Mi piace usare la metafora di una gara automobilistica, dove ciò che si vede è il pilota e la macchina, ma tutto quello che c’è dietro e non si vede vale tantissimo. La squadra, il box, i meccanici, gli sponsor, la fidanzata che guarda lo schermo con gli occhi che luccicano. La produzione è la macchina che corre in pista, quello che ruota intorno alla produzione va valorizzato perché la farà andare più veloce e più lontano.
L’azienda la vedo come una grande famiglia nel senso pratico, tutti devono collaborare nello stesso spazio, magari si bisticcia per le piccole cose, ma con un obiettivo comune e costruttivo: l’Azienda deve crescere, se  ciò avviene è grazie a tutti, se manca un anello ne risentono tutti.

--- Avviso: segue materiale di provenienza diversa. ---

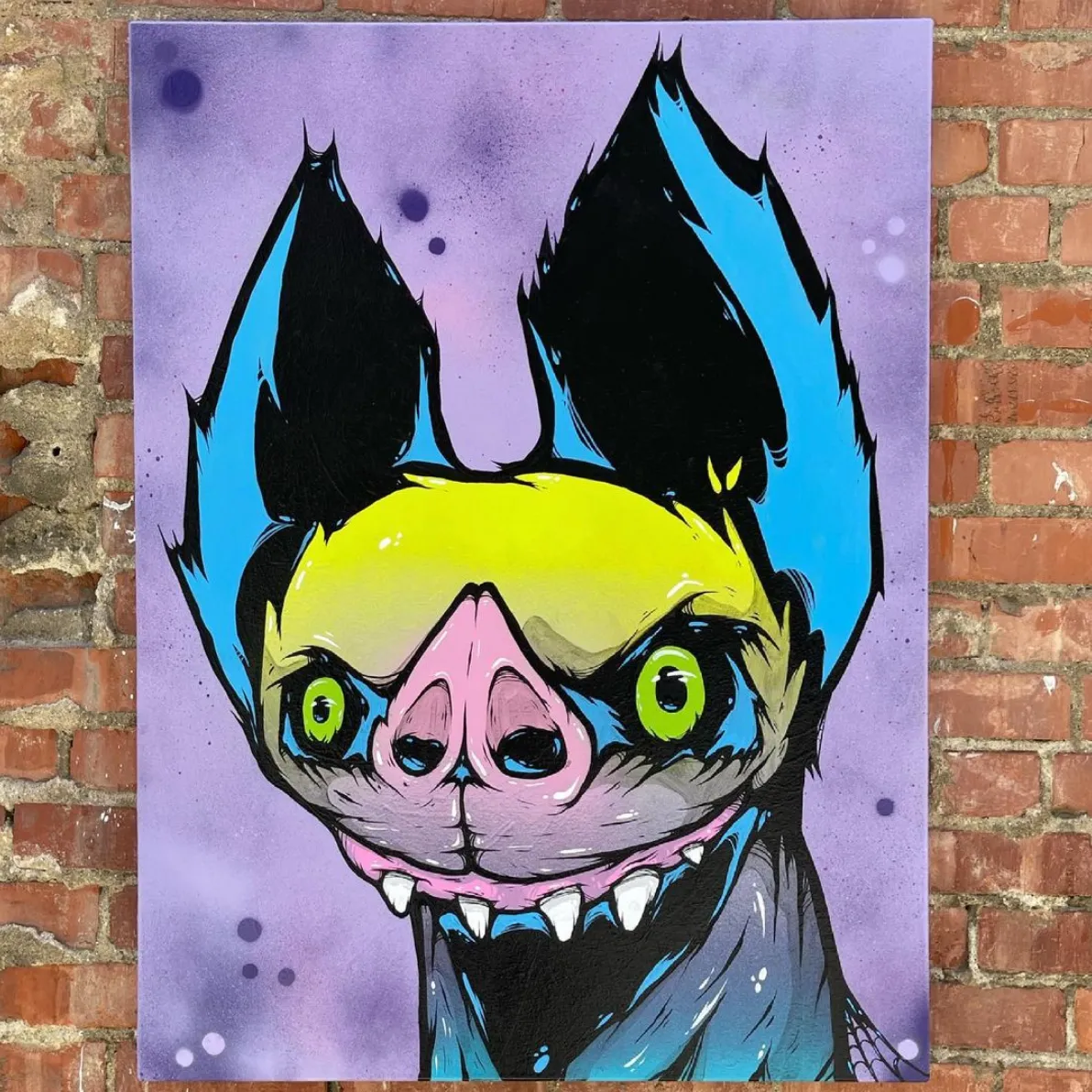 Freaking Ding Bat Painting, acrylic and spray paint painting on canvas: neon goth lowbrow horror bat art by Freaking Ding Bat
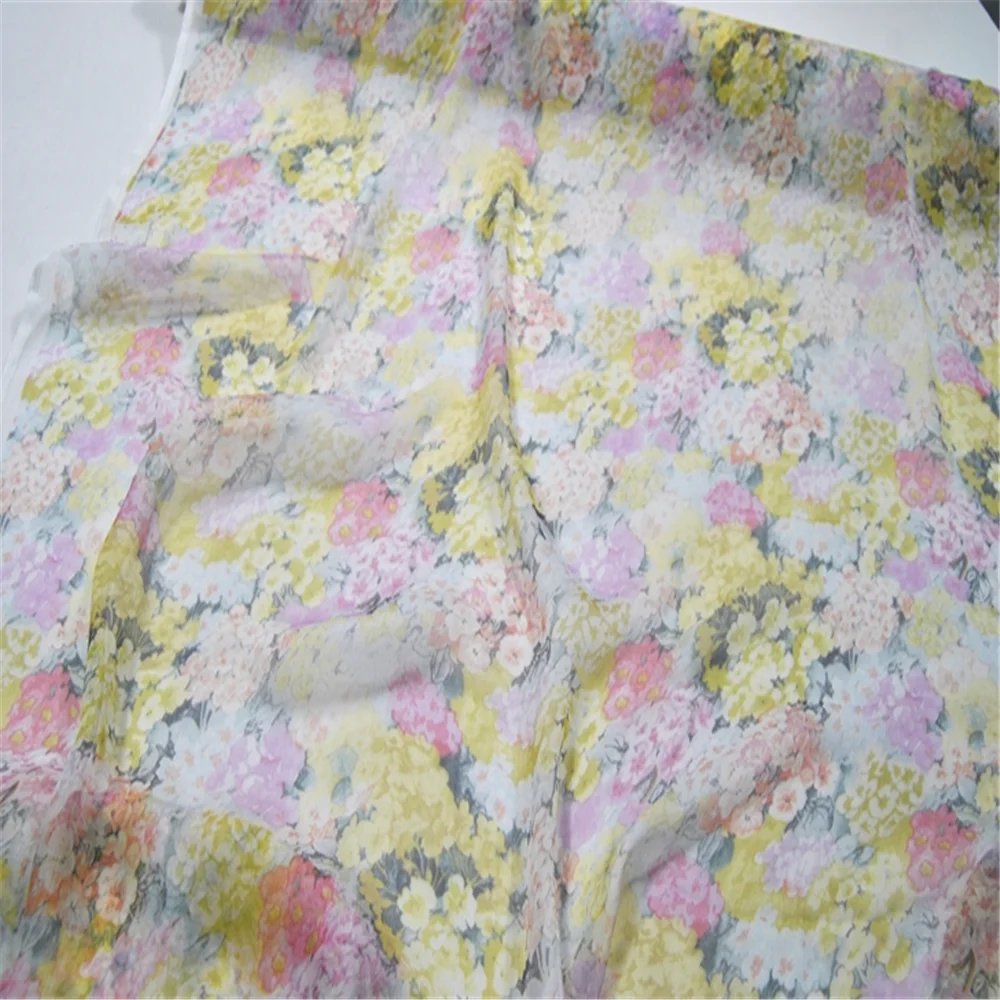 Super September Unique Misty Flowers Silk Crepe Chiffon Fabric with Lightweight for Girl Dress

Tra il progetto e la consegna della macchina al cliente c’è naturalmente la fase della costruzione. Qual è il primo obiettivo?
Gli obiettivi sono due. Le macchine vanno pensate, progettate ed è la produzione che deve rispondere, bisogna costruirle bene e velocemente. E qui anche le espressioni linguistiche assumono un’importanza.
Spesso diciamo: “Ho un problema, sono in ritardo con gli ordini” avere questo problema è una fortuna enorme e bisogna cavalcarla e alimentarla. Il ritardo va trasformato in planning ed il cliente deve essere sempre soddisfatto. L’operation manager deve dare sprint, accelerare il processo di produzione, abbattere i tempi morti, evitare dispersione di energie.
La qualità è quello che il cliente paga. L’urgenza fa parte della qualità. Dobbiamo avere sempre la valigia pronta e chiusa. Se mi è richiesto quatto io mi organizzo per cinque. IFP Europe ha questo potenziale, “sempre uno avanti.”